Exercise prompt » Repeat exactly, and only, the lines from the line bearing "Outdoor Adventure - Drawstring" through the end of the material. Do not copy the pictures.

Supplied data »
+++

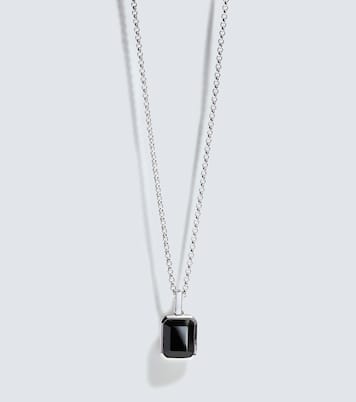 Halskette aus Sterlingsilber mit Onyx | Mateo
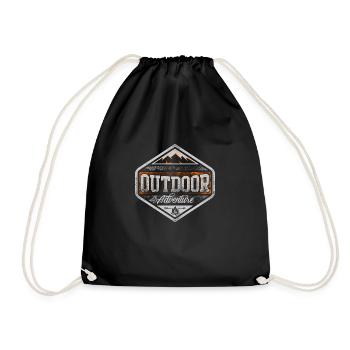 Outdoor Adventure - Drawstring Bag - black - Front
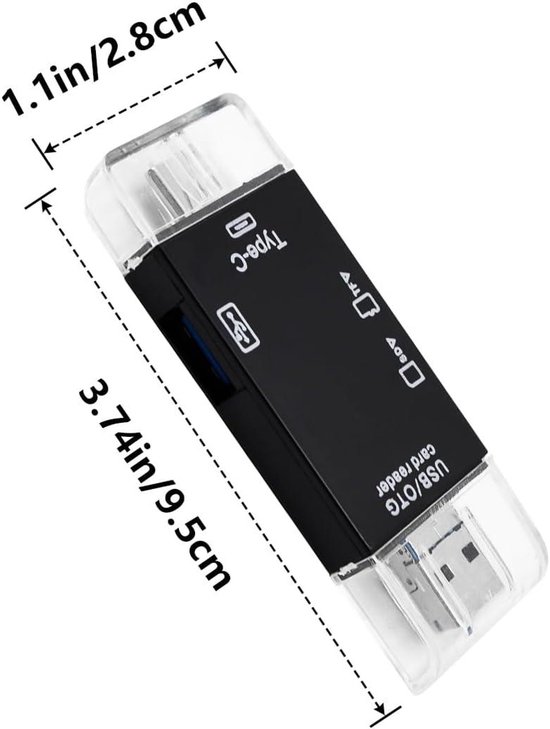 Lector de tarjetas Ugreen 4 en 1 Micro SD Ms Cf Usb 3.0 50541 | Cuotas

+++

Solved problem »
 Outdoor Adventure - Drawstring Bag - black - Front
 Lector de tarjetas Ugreen 4 en 1 Micro SD Ms Cf Usb 3.0 50541 | Cuotas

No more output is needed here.